Rodzice 14-latki z Łodzi złożyli na policji zawiadomienie, że w wakacje ubiegłego roku, na przełomie lipca i sierpnia, ich córka nawiązała kontakt internetowy z dużo starszym mężczyzną i prawdopodobnie doszło nawet do ich spotkania.
Rodzicie powiedzieli funkcjonariuszom, że od dłuższego czasu obserwowali swoje dziecko, ponieważ niepokoiło ich jego zachowanie. Dziewczynka stała się apatyczna i niedostępna. Całymi dniami siedziała przy komputerze albo z telefonem w ręku. Pewnego dnia zauważyli na komputerze jej nagie zdjęcia – powiedziała "Polsat News" Izabela Sobczyk z łódzkiej policji.
Na tropie pedofila
Łódzcy policjanci szukali mężczyzny, który korespondował z nastolatką. Okazało się, że był nim 38-letni łodzianin, notowany już wcześniej za podobne przestępstwo.
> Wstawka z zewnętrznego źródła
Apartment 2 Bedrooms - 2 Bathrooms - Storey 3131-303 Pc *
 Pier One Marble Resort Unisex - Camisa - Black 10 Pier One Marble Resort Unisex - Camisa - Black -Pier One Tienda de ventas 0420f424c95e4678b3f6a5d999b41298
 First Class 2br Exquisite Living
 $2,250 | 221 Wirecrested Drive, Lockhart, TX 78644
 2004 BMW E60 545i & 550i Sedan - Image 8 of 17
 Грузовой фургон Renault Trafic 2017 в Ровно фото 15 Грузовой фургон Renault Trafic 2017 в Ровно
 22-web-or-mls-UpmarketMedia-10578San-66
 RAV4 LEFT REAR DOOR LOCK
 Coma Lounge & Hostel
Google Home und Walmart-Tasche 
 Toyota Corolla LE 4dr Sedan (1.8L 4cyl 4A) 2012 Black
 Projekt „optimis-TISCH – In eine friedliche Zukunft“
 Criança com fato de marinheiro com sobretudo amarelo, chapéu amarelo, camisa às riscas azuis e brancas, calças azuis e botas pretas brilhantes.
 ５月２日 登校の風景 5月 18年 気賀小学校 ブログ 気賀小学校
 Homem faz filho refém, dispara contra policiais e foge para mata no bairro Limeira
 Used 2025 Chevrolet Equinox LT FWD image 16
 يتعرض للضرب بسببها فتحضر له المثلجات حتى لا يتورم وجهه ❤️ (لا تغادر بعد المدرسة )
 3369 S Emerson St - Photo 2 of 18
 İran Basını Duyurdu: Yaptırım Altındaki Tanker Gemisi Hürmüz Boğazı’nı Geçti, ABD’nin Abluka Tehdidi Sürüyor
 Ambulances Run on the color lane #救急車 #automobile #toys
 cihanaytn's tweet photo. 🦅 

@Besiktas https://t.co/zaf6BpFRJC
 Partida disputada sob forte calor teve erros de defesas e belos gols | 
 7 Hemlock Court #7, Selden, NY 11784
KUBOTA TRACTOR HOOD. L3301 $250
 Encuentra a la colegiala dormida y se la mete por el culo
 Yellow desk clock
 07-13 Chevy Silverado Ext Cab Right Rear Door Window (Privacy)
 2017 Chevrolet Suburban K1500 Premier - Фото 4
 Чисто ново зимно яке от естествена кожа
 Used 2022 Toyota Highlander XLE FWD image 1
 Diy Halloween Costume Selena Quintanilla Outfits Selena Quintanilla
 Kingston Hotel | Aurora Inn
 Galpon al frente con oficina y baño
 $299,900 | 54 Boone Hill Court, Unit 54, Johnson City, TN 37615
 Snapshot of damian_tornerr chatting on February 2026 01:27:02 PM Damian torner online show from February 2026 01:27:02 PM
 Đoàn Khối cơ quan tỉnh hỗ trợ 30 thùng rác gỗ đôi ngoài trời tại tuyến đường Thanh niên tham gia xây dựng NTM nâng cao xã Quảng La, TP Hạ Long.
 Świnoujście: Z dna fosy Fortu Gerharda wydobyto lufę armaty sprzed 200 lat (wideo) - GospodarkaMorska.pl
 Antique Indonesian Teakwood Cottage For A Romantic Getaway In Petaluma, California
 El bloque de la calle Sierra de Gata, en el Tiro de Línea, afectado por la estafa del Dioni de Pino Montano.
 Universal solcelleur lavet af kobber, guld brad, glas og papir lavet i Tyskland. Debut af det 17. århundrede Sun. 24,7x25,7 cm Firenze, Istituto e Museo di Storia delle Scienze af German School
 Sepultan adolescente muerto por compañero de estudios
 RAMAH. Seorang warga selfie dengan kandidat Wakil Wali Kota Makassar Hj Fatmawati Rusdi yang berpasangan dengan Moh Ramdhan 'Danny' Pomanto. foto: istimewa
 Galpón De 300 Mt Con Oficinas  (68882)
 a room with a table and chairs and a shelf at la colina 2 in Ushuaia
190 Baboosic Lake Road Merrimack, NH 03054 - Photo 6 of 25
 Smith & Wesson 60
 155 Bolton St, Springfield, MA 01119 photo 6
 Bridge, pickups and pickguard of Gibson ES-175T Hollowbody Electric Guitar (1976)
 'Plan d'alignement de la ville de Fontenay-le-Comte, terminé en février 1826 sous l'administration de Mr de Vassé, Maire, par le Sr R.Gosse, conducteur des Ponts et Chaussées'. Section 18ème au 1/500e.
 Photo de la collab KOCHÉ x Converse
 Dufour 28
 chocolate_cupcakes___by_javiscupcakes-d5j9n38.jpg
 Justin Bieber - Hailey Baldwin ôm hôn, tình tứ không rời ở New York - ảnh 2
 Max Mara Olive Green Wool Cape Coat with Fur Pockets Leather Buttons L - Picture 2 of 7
Komputer w jego mieszkaniu został odpowiednio zabezpieczony przez funkcjonariuszy i wkrótce zostanie poddany specjalistycznej analizie.
Czytaj też: Skandal w USA. Pentagon reaguje
Obecnie podejrzany jest w trzymiesięcznym areszcie. Usłyszał już zarzut seksualnego wykorzystania małoletniej, za co grozi do 12 lat pozbawienia wolności.